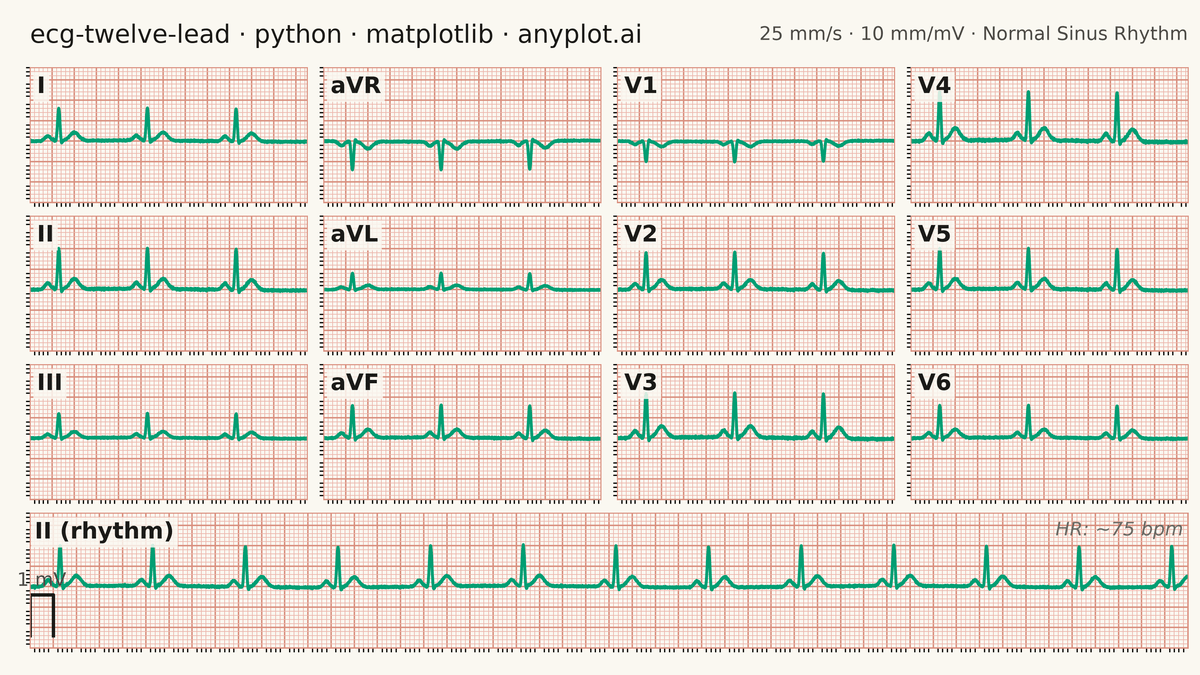 ECG/EKG 12-Lead Waveform Display rendered with Matplotlib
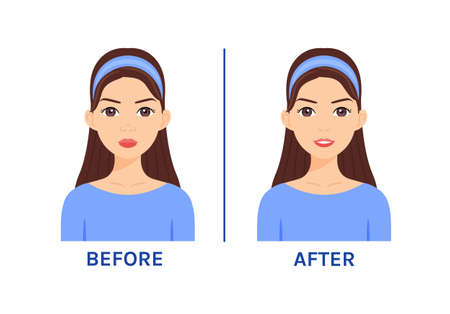 Pretty Woman with a Big Nose. Correction and Plastic Surgery. before after. Beautiful Little nose and Happy Lady. Smile on face. cartoon style. white background. Vector illustration for Medical Designのイラスト素材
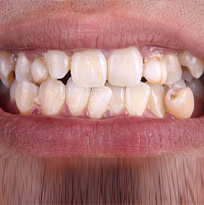 Crowded, Spaced or Crooked Teeth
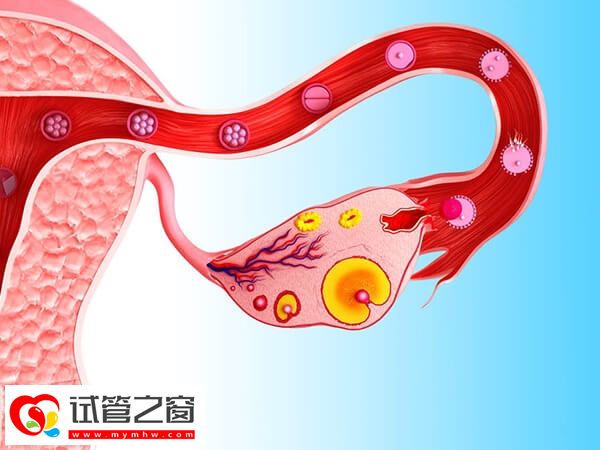 女性子宮肌瘤有哪些癥狀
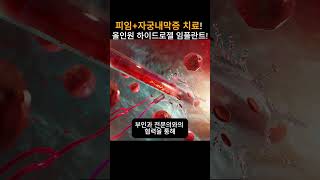 피임자궁내막증 치료 올인원 하이드로젤 임플란트 뉴스 과학 피임 [upl. by Hepsiba]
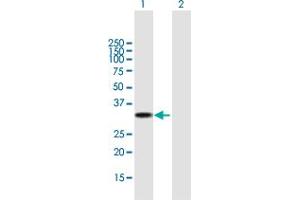 Western Blot analysis of UCP2 expression in transfected 293T cell line by UCP2 MaxPab polyclonal antibody. (UCP2 Antikörper  (AA 1-309))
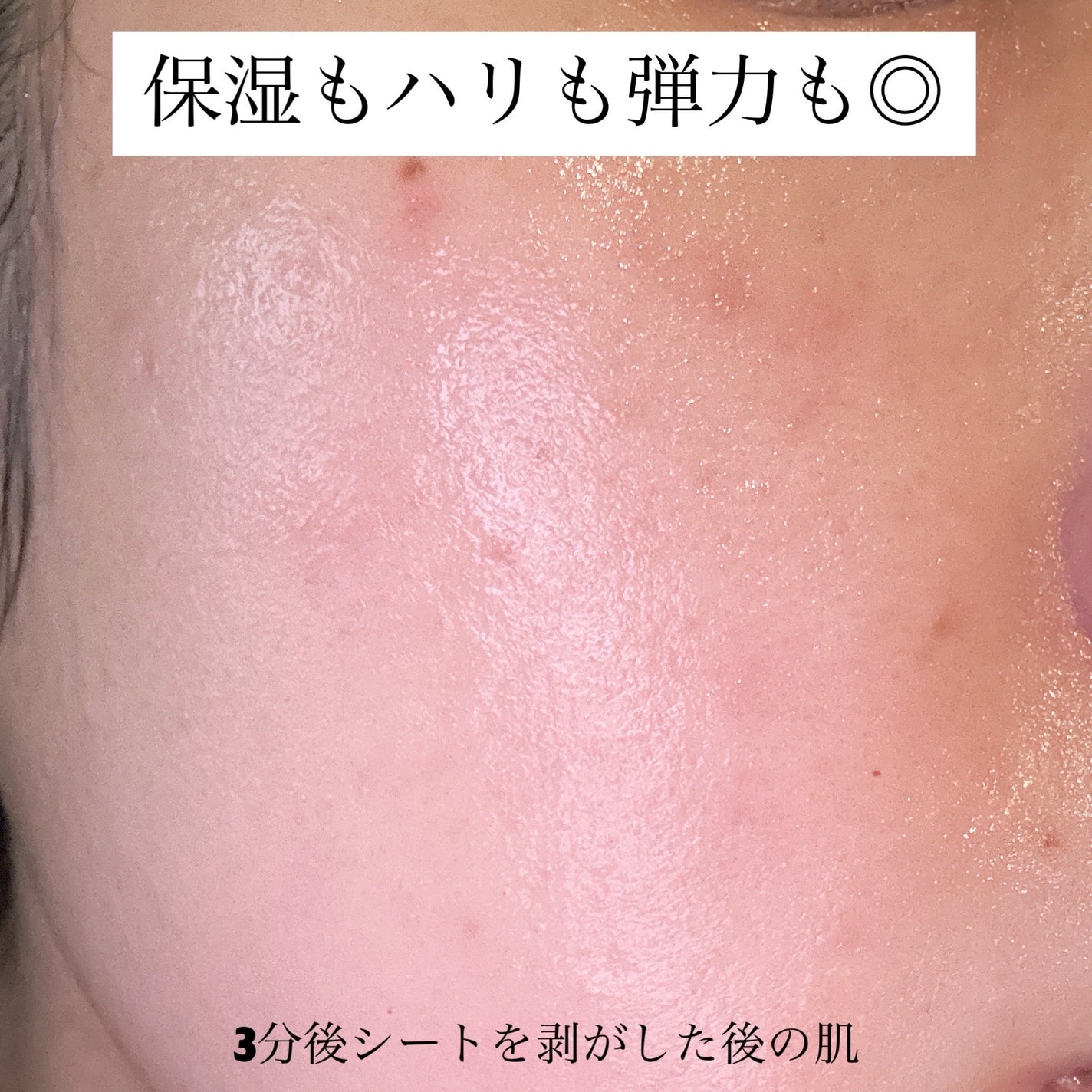 ダーマレーザー スーパーセラミド100マスク/クオリティファースト/シートマスク・パックを使ったクチコミ(4枚目)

##########

*Task item*.
Copy exactly, please, every line from the one holding "女性子宮肌瘤有哪些癥狀" through the last line of the data, both ends included, and no pictures.

*Answer section*.
 女性子宮肌瘤有哪些癥狀
 피임자궁내막증 치료 올인원 하이드로젤 임플란트 뉴스 과학 피임 [upl. by Hepsiba]
 Western Blot analysis of UCP2 expression in transfected 293T cell line by UCP2 MaxPab polyclonal antibody. (UCP2 Antikörper  (AA 1-309))
 ダーマレーザー スーパーセラミド100マスク/クオリティファースト/シートマスク・パックを使ったクチコミ(4枚目)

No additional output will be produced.